Your answer must match, word for word, the lines from the one holding "DSC05016.jpg" through the final line below, with pictures excluded.

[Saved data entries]
______

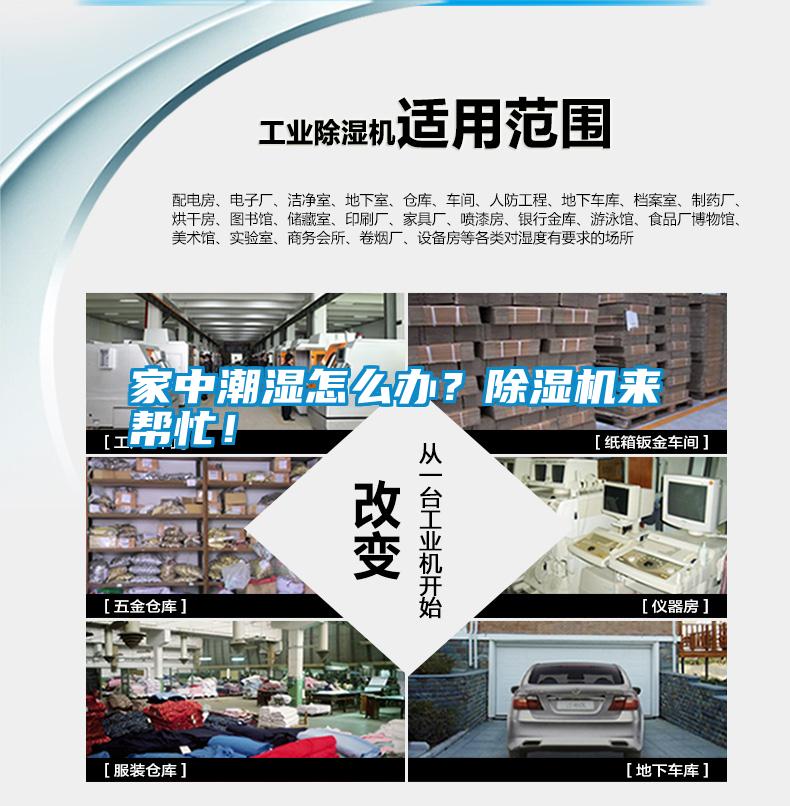 家中潮濕怎么辦？除濕機來幫忙！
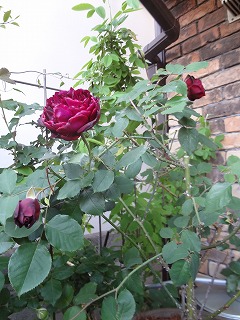DSC05016.jpg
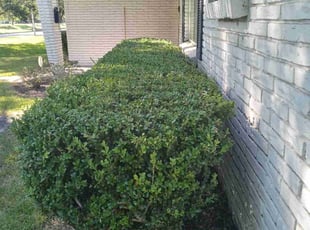 Bush Trimming by Rafael Gonzalez for Daniel A. in Houston, TX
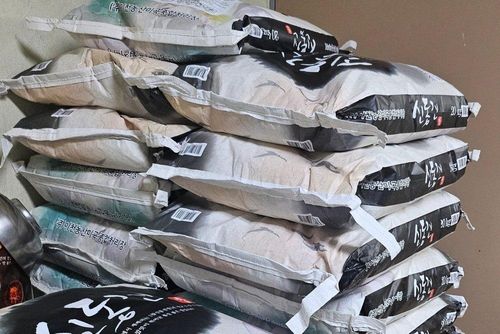 슬라이드 이미지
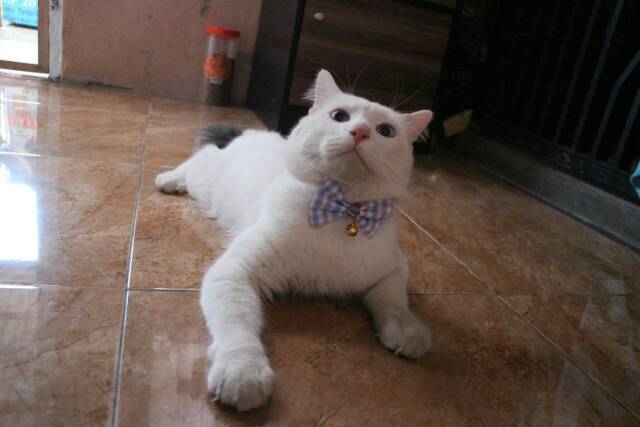 Dasi kupu-kupu lucu / baju kucing / bowtie kucing / dasi kucing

______

- **Response**:
DSC05016.jpg
 Bush Trimming by Rafael Gonzalez for Daniel A. in Houston, TX
 슬라이드 이미지
 Dasi kupu-kupu lucu / baju kucing / bowtie kucing / dasi kucing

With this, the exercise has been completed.